> Exercise instructions
For the listing below, return the line containing "Seventeen Fashion 세븐틴", the line containing "Fiú a tutajon alkotó: Winslow Homer", and all lines in between, exactly as written and nothing else.

> Material to process

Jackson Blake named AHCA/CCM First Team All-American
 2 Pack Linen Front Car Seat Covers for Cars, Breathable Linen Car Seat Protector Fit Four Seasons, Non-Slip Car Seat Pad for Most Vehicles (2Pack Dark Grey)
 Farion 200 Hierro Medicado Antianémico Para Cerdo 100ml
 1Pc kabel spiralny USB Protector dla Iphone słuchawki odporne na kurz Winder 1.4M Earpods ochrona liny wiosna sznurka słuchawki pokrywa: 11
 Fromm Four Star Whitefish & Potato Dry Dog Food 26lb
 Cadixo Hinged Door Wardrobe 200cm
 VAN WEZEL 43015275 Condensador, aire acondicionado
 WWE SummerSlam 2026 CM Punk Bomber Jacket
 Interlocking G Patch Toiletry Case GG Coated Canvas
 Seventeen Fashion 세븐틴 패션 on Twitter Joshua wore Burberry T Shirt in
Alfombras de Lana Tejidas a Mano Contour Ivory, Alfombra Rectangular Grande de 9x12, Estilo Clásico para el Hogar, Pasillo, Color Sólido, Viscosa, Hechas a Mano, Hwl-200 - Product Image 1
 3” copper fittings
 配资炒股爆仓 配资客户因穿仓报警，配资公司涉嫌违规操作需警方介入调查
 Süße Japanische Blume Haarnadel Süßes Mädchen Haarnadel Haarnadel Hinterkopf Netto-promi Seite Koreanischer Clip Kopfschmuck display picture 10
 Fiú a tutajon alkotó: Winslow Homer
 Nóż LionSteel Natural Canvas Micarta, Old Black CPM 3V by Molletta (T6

> Expected answer
 Seventeen Fashion 세븐틴 패션 on Twitter Joshua wore Burberry T Shirt in
Alfombras de Lana Tejidas a Mano Contour Ivory, Alfombra Rectangular Grande de 9x12, Estilo Clásico para el Hogar, Pasillo, Color Sólido, Viscosa, Hechas a Mano, Hwl-200 - Product Image 1
 3” copper fittings
 配资炒股爆仓 配资客户因穿仓报警，配资公司涉嫌违规操作需警方介入调查
 Süße Japanische Blume Haarnadel Süßes Mädchen Haarnadel Haarnadel Hinterkopf Netto-promi Seite Koreanischer Clip Kopfschmuck display picture 10
 Fiú a tutajon alkotó: Winslow Homer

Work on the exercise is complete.